Extracted records:
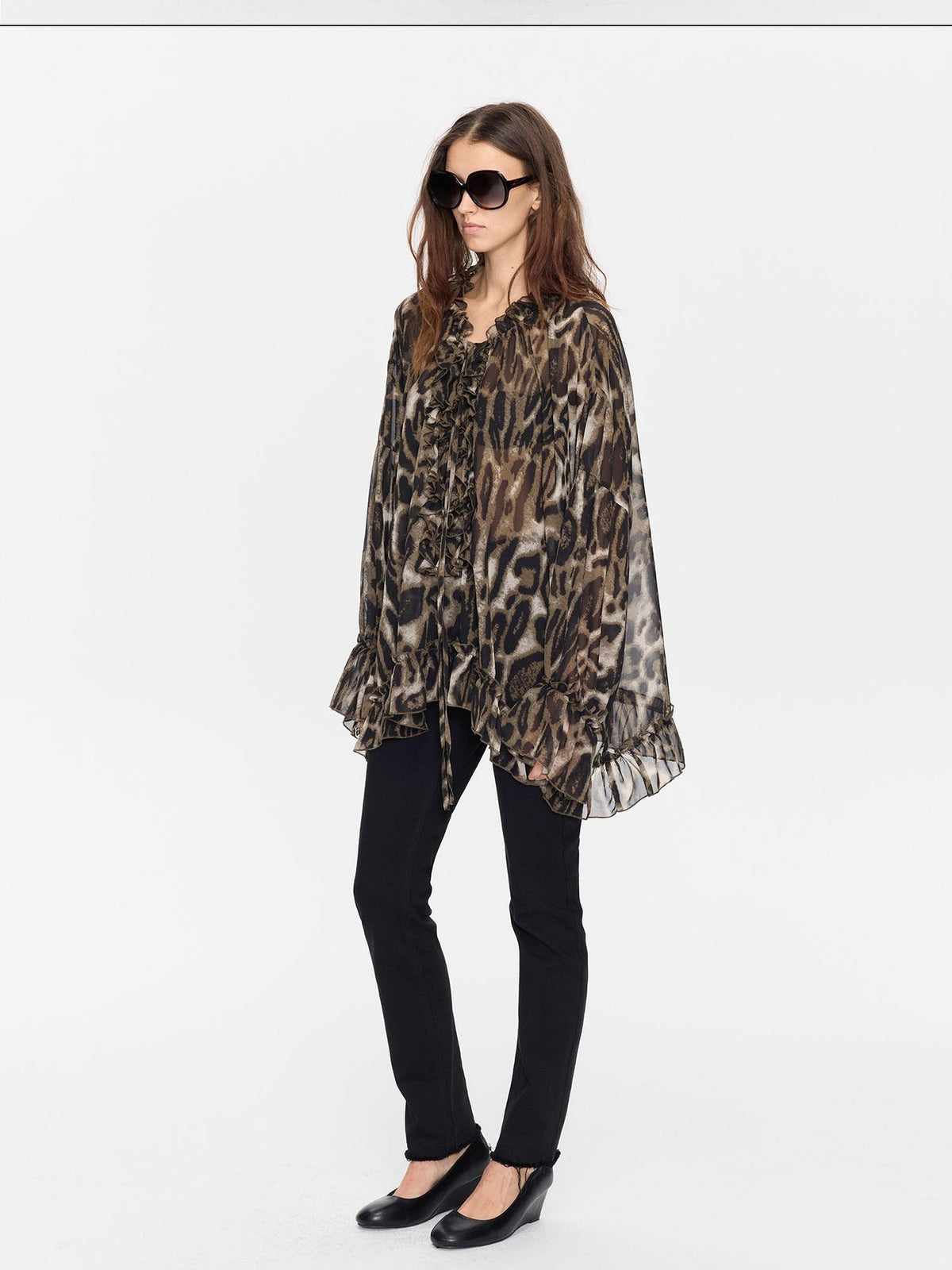 LYUOCHENG Leopard Print Ruffle Loose Sheer Women&
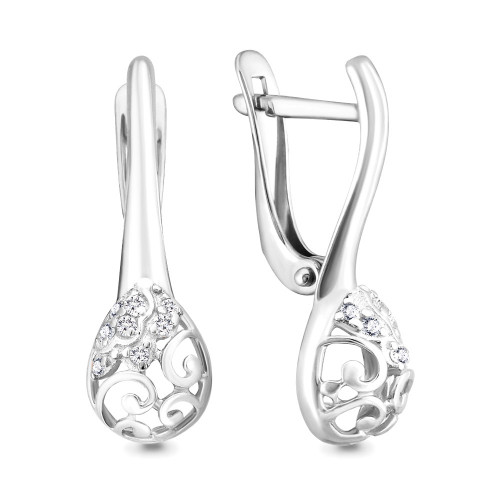 Серебряные серьги с фианитом Aquamarine 46368А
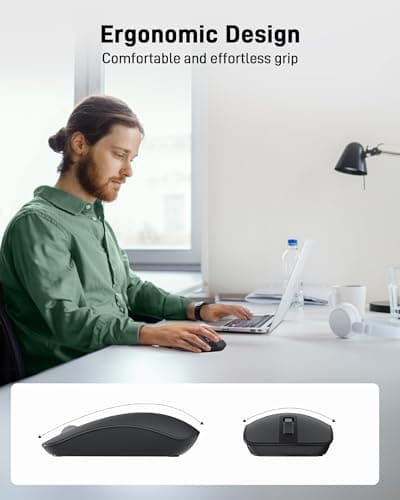 Acer Computer Mouse Wireless, 2.4G Slim USB Wireless Mice with USB Receiver, Small Sized Hands, 800/1200/1600 Adjustable DPI Optical Laptop Mouse with 4 Buttons, Portable for Laptop, Desktop, PC - Thumbnail 6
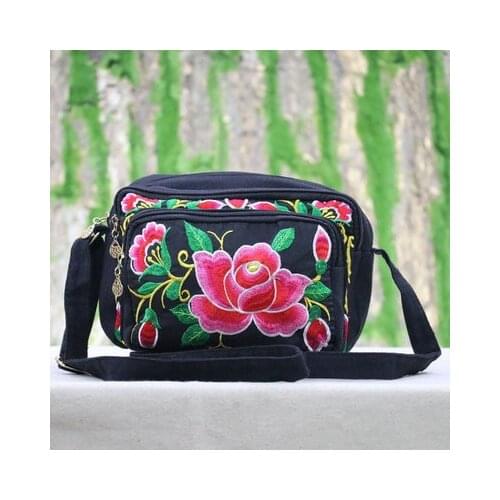 Hot Fashion Vintage Embroidered Small Shopping bag!Nice Floral embroidery Lady shoulder&Crossbody bags Top Three-zippers Carrier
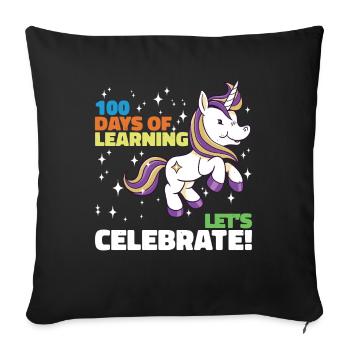 100 jours d’apprentissage Célébrons - Housse de coussin décorative 45 x 45 cm - noir - Devant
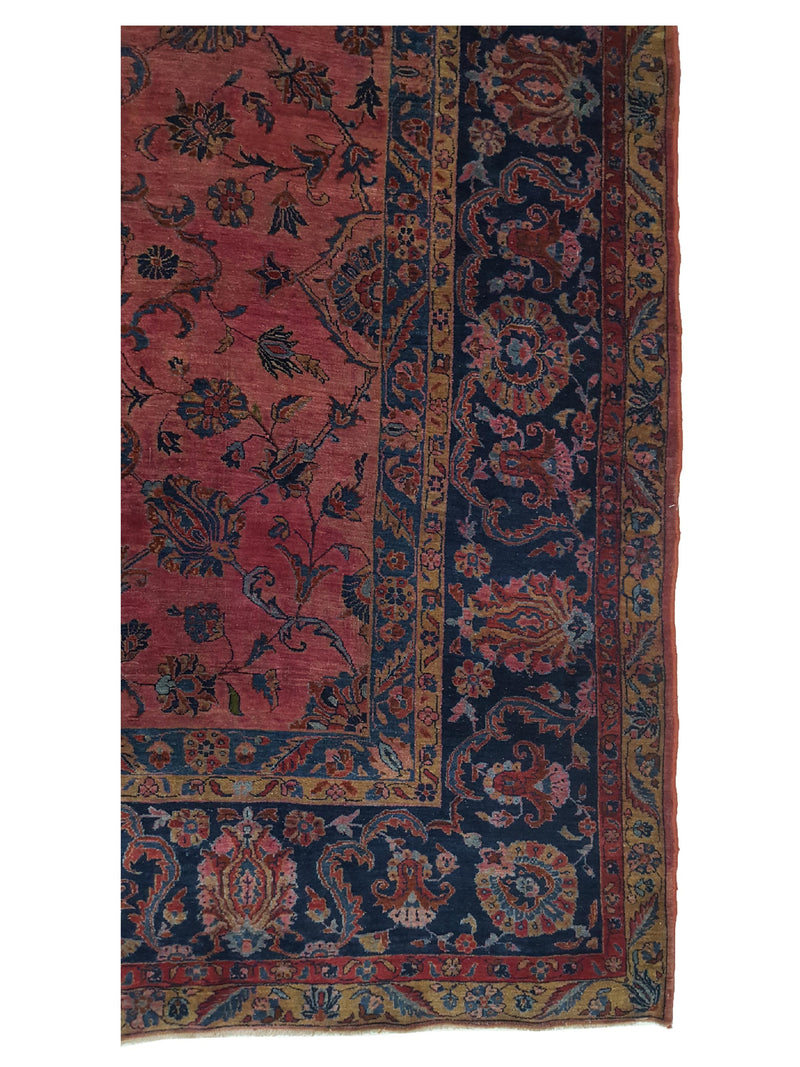 Fasa Antique Sarouk 2224 Pink Blue Traditional Antique Rug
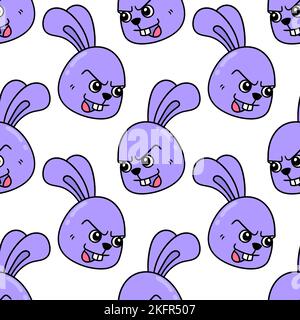 Eine digitale Illustration eines nahtlosen Musters wütender lila Häschen auf weißem Hintergrund Stock Vektor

The task:
Starting with the line that contains "Fasa Antique Sarouk", reproduce every line to the end of the material above, both end lines included, exactly and with no pictures.

Finished exercise:
 Fasa Antique Sarouk 2224 Pink Blue Traditional Antique Rug
 Eine digitale Illustration eines nahtlosen Musters wütender lila Häschen auf weißem Hintergrund Stock Vektor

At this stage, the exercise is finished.